Of all workers hurt by the ongoing global financial crisis, temporary workers are the most vulnerable to the downswing, according to a new report.
The latest findings by the International Labour Organization (part of the UN) say temp workers are the first to lose their jobs during the recession, as hiring patterns become more flexible because of the downturn.
The report—“Private employment agencies, temporary agency workers and their contribution to the labour market” — was released early last week, shortly before meetings in Geneva where government officials, employers and workers gathered to promote a UN measure (Convention No. 181) that would strengthen labor regulations and employment safety nets.
It highlights the proliferation of private temp agencies, most of which are concentrated by a handful of corporations, and workers who struggle to navigate tightening job prospects in an unstable economy.
The findings from the report supplement the Convention tenets, adopted in 1997, which outline labor regulation parameters for workers and temporary job placement agencies. It urges legislation to protect minimum wages, workers safety, collective bargaining, in addition to health and social benefits.
Surprisingly, it has only been ratified by 21 of 183 member states. The United States is not a signatory to the Convention, also referred to as the Private Employment Agencies Convention. The new report speculates the low number of signatories may be due to a non-existent “marketing campaign,” but nevertheless, citizens have heeded the call to pressure their states.
“Governments have come under pressure from a range of social actors to make changes to the benefits and social assistance provided to workers placed through agencies, although reform has been slow and piecemeal where it has occurred at all,” the report said. It also cautions against leaving labor enforcement to private staffing agencies, adding,
…self-regulation, however, must not replace the role of national legislators and law enforcement agencies. Legislation is a means of reconciling the protection of workers’ rights with the interests of the agencies.
The warnings come as temp agencies have steadily grown over the last several decades. As funding for public employment diminished in the 1970s, private temporary agencies rose in its place. The liberalization of the market has attracted many employers to use temp agencies to adjust to a flexible economy. The private employment agency industry boomed especially in the mid-’90s, doubling in size from 1994-99 and again from 1999-2006, the report said. Agency profits have risen with the rise, reaching $341 billion in 2007.
Beyond profits, the industry is also highly concentrated.
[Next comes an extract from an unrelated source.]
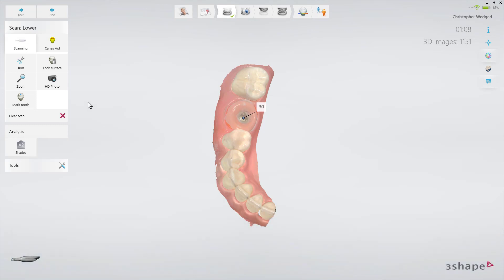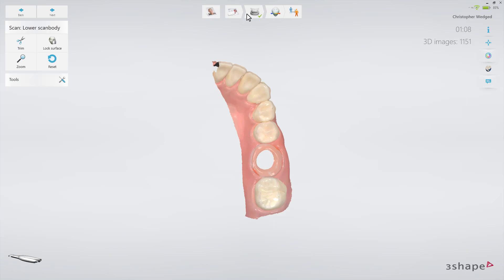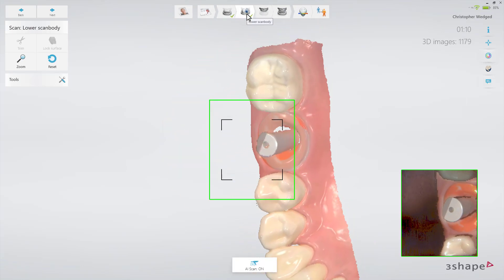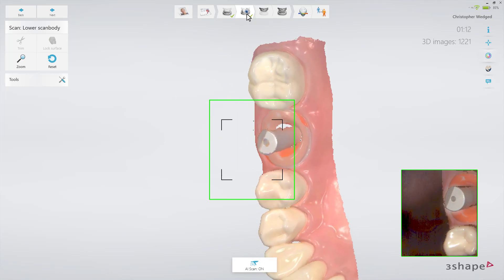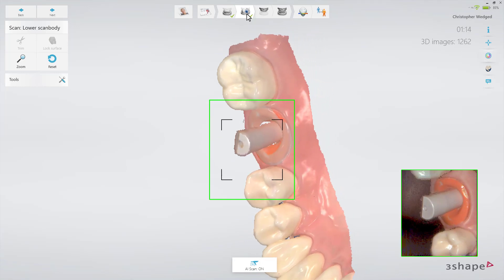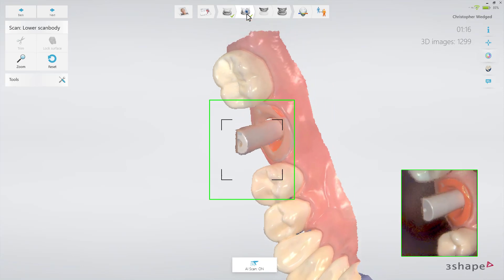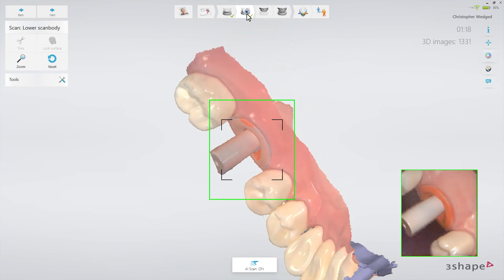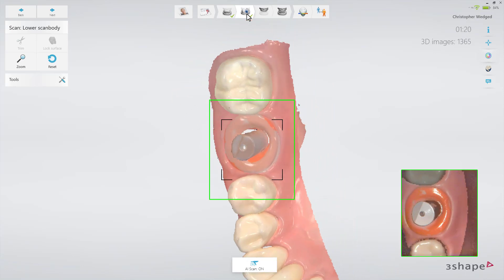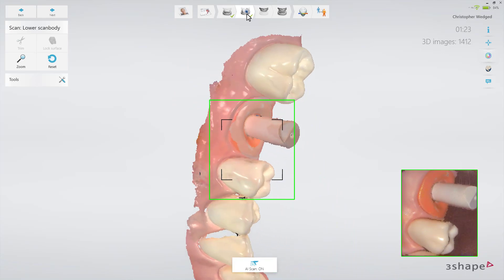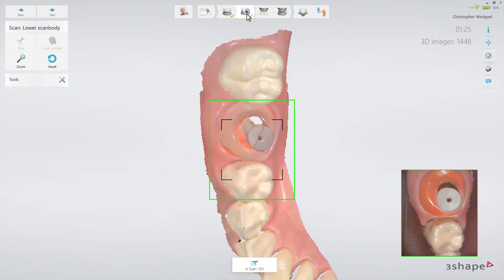Make sure that all of the implant has been trimmed away, as well as the nearby surroundings. Insert the Scan Body and proceed to the Scan Body page in the top workflow bar. Start the scanner pointing at a neighboring tooth. Once the scanner has picked up the position, slowly move to the Scan Body and circle around it to scan it from all angles. It is especially important to cover the upper third of the Scan Body to make it possible for the laboratory to recognize the correct position.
Only six markets - U.S. (28 percent), UK (16 percent), Japan (14 percent), France ( 9 percent) and Germany (6 percent) - accounted for 80 percent of total revenue. Of the 20 largest private staff agencies, 11 are in America.
As temp agencies have grown, so have the number of temp workers who tend to be young, female or minorities. Globally, temp employees more than doubled from around 4.5 million in 1997 to 9.5 million in 2007, especially in the manufacturing sector.
But the study shows that U.S. temp workers earn less than the national average. Construction workers, garbage collectors and record clerks, for instance, all had at least a -5% wage difference than national average wages, reflecting the overall trend of U.S. temp workers who earned –5.27% less than the average wages in their sector. ILO reports:
The data on average hourly wage rate and divergence from the national average show that wages for agency staff are mostly below the average for the occupation, and considerably so in some cases – for example, for construction and manufacturing labourers. However, owing to the nature of their skills, nurses and computer programmers placed by agencies earn more than the national average.
The global crisis has worsened the work conditions. Though the report says temp agencies took a hit in profits, workers face grim prospects.
In general, the balance of power has moved from the placed workers to the user enterprises. As the number of laid-off temporary agency workers has increased, so the competition for new placements has intensified. With a rise in the number of workers on their books, it is likely that the agencies will intensify their selecting and sorting of workers, with consequences for who fares best when the recession abates.
In an industry where temp agencies serve as intermediaries between workers and employers, the disposable nature of this relationship makes it crucially important to ratify safeguards for workers.